Bouchet exhibited individual, full-length portraits of all four of Isabey’s children at the Paris Salon of 1810, which remained with Isabey’s descendants until they were dispersed at auction in France in 1994. The portraits depict Isabey’s eldest daughter, Alexandrine (1791-1871), who as a four-year-old was famously included in a magnificent full-length double portrait of 1795 (today in the Louvre) by François Gérard, in which she is depicted tenderly holding her father’s hand; his eldest son, Hector (1797-1814); and the present portraits of his younger children Lucie (b. 1795) and Eugène (1803-1886).
Lucie, whose portrait is signed by the artist, ‘Bouchet f[ecit]’, on the lower left, was the future Madame Collon. Bouchet presents her as a playful (and perhaps naughty) teenager, running through a garden while carrying off a bird’s nest that she protects inside her upturned bonnet, its tiny inhabitants chirping eagerly. Bouchet’s vivid depiction of her lively, bright expression and billowing white muslin dress endow the image with both a youthful energy and graceful monumentality.
As befitting a well-bred young boy of the Napoleonic era, seven-year-old Eugène Isabey displays a self-possessed dignity beyond his years. Stylishly dressed, in emulation of Mamluk warriors who came to Paris with Napoleon after the Egyptian Campaign of 1798, Eugène wears a gold-brocaded red vest and red leather slippers and holds an elegantly tooled, red-enameled sword in his right hand; his left hand rests nonchalantly on the arm of a magnificent, Empire-style armchair supported by elaborately carved griffons with lion’s heads. Bouchet’s handling of the various textures of fabrics, wood, and metalwork displays a masterly command of his medium.

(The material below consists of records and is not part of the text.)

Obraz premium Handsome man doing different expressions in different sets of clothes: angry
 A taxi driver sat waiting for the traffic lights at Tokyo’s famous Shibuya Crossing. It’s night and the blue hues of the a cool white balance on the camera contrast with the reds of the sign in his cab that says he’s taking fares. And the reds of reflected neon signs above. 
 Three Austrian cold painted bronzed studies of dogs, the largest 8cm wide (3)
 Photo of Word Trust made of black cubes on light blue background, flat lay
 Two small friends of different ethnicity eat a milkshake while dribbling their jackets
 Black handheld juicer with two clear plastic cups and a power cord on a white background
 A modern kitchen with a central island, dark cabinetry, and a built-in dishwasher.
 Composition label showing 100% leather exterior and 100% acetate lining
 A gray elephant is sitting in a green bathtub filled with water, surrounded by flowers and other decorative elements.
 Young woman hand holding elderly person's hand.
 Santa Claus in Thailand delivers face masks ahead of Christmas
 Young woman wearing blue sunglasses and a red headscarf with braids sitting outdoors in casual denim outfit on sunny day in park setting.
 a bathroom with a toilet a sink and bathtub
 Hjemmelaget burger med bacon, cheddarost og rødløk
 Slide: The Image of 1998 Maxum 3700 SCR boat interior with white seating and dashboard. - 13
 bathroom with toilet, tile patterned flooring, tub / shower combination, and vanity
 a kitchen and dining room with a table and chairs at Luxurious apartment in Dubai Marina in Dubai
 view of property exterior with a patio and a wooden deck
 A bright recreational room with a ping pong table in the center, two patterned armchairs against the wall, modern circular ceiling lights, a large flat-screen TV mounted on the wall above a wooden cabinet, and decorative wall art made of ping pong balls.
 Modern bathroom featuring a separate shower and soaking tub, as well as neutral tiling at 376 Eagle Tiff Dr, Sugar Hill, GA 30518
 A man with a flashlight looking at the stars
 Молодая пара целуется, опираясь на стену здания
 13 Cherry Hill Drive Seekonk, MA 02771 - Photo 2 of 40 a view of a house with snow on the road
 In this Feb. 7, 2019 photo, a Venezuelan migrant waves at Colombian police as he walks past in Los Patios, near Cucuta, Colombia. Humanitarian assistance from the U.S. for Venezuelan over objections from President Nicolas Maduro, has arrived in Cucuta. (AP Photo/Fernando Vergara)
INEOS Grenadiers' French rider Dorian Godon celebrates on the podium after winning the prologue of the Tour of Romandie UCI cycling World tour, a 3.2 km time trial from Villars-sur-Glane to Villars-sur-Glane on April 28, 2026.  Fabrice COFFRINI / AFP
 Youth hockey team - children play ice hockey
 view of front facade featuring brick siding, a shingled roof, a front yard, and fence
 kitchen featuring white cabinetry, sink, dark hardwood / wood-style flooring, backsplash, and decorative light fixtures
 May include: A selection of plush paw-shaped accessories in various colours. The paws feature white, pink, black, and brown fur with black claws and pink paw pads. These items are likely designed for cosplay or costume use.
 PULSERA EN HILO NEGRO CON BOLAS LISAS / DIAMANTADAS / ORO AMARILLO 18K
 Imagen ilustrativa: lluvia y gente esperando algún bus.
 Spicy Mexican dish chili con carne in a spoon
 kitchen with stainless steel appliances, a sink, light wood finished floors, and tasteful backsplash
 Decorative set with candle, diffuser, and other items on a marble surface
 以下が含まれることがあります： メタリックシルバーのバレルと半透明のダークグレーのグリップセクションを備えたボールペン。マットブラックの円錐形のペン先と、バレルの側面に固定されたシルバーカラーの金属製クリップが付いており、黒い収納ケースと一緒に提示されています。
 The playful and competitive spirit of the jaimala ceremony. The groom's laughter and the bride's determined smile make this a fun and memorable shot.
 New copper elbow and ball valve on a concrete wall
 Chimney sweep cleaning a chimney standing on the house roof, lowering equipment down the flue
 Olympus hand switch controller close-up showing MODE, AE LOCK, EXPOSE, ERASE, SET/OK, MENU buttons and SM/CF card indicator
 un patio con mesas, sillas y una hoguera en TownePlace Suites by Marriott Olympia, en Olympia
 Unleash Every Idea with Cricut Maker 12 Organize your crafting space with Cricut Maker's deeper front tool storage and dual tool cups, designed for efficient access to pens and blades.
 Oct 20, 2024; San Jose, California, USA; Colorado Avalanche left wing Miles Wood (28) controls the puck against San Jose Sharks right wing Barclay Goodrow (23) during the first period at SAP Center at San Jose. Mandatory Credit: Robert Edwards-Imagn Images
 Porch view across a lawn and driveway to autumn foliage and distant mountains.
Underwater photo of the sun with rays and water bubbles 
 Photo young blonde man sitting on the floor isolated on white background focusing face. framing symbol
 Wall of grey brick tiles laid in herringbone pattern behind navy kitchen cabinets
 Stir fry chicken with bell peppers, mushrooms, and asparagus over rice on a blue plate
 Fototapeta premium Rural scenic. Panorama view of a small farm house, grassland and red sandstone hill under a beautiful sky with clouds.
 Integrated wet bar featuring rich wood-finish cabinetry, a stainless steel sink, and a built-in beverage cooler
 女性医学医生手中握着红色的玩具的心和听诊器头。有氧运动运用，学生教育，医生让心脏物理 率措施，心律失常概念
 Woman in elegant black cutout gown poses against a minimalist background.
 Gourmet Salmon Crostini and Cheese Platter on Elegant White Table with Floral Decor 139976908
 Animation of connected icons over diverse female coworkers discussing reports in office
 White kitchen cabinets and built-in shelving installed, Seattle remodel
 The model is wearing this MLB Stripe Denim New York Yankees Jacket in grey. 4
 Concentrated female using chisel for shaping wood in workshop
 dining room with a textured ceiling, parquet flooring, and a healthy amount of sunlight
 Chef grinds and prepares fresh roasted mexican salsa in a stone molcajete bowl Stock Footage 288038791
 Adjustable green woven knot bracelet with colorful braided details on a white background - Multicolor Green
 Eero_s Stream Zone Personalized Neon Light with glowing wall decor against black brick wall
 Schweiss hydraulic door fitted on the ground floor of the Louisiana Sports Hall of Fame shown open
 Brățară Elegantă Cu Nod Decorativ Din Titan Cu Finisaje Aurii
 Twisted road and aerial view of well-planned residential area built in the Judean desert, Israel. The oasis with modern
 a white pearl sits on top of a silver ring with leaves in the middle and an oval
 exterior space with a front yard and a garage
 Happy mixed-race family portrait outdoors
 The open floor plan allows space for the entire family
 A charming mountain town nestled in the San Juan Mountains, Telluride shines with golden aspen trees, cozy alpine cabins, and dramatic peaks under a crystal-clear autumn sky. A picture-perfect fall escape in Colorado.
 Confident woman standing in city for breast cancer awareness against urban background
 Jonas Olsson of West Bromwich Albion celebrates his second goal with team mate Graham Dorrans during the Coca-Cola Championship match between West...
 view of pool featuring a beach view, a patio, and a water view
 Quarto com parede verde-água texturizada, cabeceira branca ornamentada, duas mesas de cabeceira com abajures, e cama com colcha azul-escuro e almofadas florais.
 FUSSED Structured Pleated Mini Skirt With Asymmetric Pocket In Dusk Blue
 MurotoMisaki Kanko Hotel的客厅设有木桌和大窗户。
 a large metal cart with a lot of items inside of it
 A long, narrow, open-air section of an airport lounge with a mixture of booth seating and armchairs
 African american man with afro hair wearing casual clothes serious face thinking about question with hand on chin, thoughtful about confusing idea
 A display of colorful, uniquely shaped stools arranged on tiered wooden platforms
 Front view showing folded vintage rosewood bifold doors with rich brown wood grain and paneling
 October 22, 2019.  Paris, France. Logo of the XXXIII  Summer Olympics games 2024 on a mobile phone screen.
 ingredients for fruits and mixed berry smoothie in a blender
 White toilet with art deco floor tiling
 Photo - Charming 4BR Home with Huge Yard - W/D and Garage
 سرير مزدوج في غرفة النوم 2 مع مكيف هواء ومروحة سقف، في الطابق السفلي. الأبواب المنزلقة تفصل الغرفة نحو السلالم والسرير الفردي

Eugène Louis-Gabriel Isabey (1803-1886) would grow up to achieve a degree of fame and artistic success that exceeded even that of his celebrated father. After training with his father and copying the Old Masters in the Louvre, he set up a studio with the landscapist Xavier Leprince at Honfleur. Striking out on his own the following year, he began exhibiting landscapes at the Salon in 1824. In 1830, Eugène travelled to Algiers at the invitation of the Royal Navy to paint scenes of its naval campaign. Soon thereafter he was appointed a court painter to Louis-Philippe and was awarded the Légion d’Honneur in 1832. Highly revered throughout Europe during a long career, Isabey painted landscapes, genre scenes and historical subjects, but was best-known as a master of seascapes, marine paintings and dramatic shipwrecks, in both oils and watercolor, and in his later years numbered Johan Barthold Jongkind and Eugène Boudin among his distinguished students.